Znany z serialu „The Walking Dead” Jeffrey Dean Morgan otrzymał rolę przodującą w nowym filmie – to horror o tytule „Felix”, określony przez twórców jako „połączenie «Laleczki Chucky» z «Super 8»”.
Felix Jeffrey Dean Morgan otrzymał główną rolę w nowym horrorze
W horrorze poznamy historię Charliego i Jimmy’ego – dwóch przyjaciół, którzy właśnie kręcą swój pierwszy film. Obaj marzą, że któregoś dnia staną się cenionymi hollywoodzkimi reżyserami. Ojciec Charliego przegląda rzeczy pozostawione po swojej zmarłej żonie i w stercie staroci znajduje zakurzoną lalkę brzuchomówcy. Marionetka nosi imię Felix i zostaje upiornym bohaterem dziecięcego filmu. Po serii niepokojących zdarzeń członkowie rodziny Charliego odkrywają, że Felix jest żywy i posiada paranormalne zdolności.

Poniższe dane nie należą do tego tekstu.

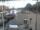 Webcam in Bremen, 3.5 km entfernt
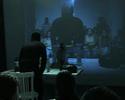 El Terrorista dentro del Festival Do not disturb Menosuno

Jednego z chłopców zagra Benjamin Evan Ainsworth – 13-latek, który pojawił się jako Miles Wingrave w netfliksowym „Nawiedzonym dworze w Bly”. Dziecięcy aktor otrzymał niedawno główną rolę głosową w filmie Disneya „Pinokio”, którego reżyserem jest Robert Zemeckis. Jak poradzi sobie z występem w „Feliksie”? O tym przekonamy się prawdopodobnie w 2023 roku.
Portale filmowe nie precyzują, jaką rolę otrzymał Jeffrey Dean Morgan, ale można przypuszczać, że wystąpi w horrorze jako ojciec Charliego. Aktor występuje w serialu „The Walking Dead” (alternatywnie: „Żywe trupy”) począwszy od 2016 roku; ma na koncie udział w blisko stu odcinkach.
Reżyserią „Feliksa” zajmie się John Kissack – twórca innej gatunkowej produkcji, „Everfall”. Scenariusz przygotował Casey Giltner; to jego drugi film po „You Used to Be Beautiful” z 2012 roku. Z kolei główne stanowisko producenckie piastuje Joe Carnahan („Pod ostrzałem”, „Czarna lista”).